Spiritualität und Selbstaufgabe

Um mit der Botschaft Jesu Erfahrungen zu machen, ist es nötig, sich auf eine Weltsicht einzulassen, die eigene Sichtweisen und Gewohnheiten
relativiert. Dazu gehört die Bereitschaft, sich selbst nicht absolut zu setzen, sondern sich in der Begegnung mit Menschen, Situationen und Ideen herausfordern zu lassen.

In der traditionellen Frömmigkeit wird mitunter die Meinung vertreten, dass ein Leben nach der Botschaft Jesu nur dann möglich ist, wenn sich der einzelne „aufgibt“ und mit dem „Wir“ der Kirche verbindet. Statt den Mut einzuüben, sich immer stärker dem Reich Gottes anzuvertrauen, geht es darum, sich kirchlichen Vorgaben immer bereitwilliger zu unterwerfen.    

Wenn sich die Kirche mit Gott „verwechselt“ und sich selbst an die Stelle Gottes setzt, wird die befreienden Botschaft Jesu ins Gegenteil verkehrt und zum Mittel von Machtmissbrauch und Unterdrückung.

Das Reich Gottes ist als Lebensmöglichkeit jedem einzelnen immer schon zugesagt und verwirklicht sich nicht durch das Befolgen von Anordnungen, sondern durch befreiende Erfahrungen im eigenen Leben. 

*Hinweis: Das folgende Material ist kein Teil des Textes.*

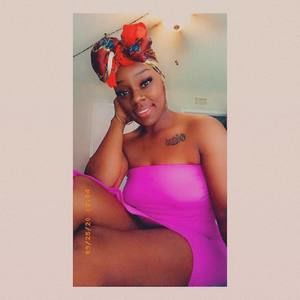 Meet your Posher, Que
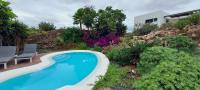 Private villa with pool in Lajares - B&B Lajares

Die Kirche dient nur dann dem Reich Gottes, wenn die Verbindung mit ihr dazu führt, dass Menschen stärker, selbst bestimmter und mutiger werden, deutlicher wahrnehmen, was für sie richtig und gut ist und zugleich die Offenheit gewinnen,
sich von der Not anderer ansprechen zu lassen.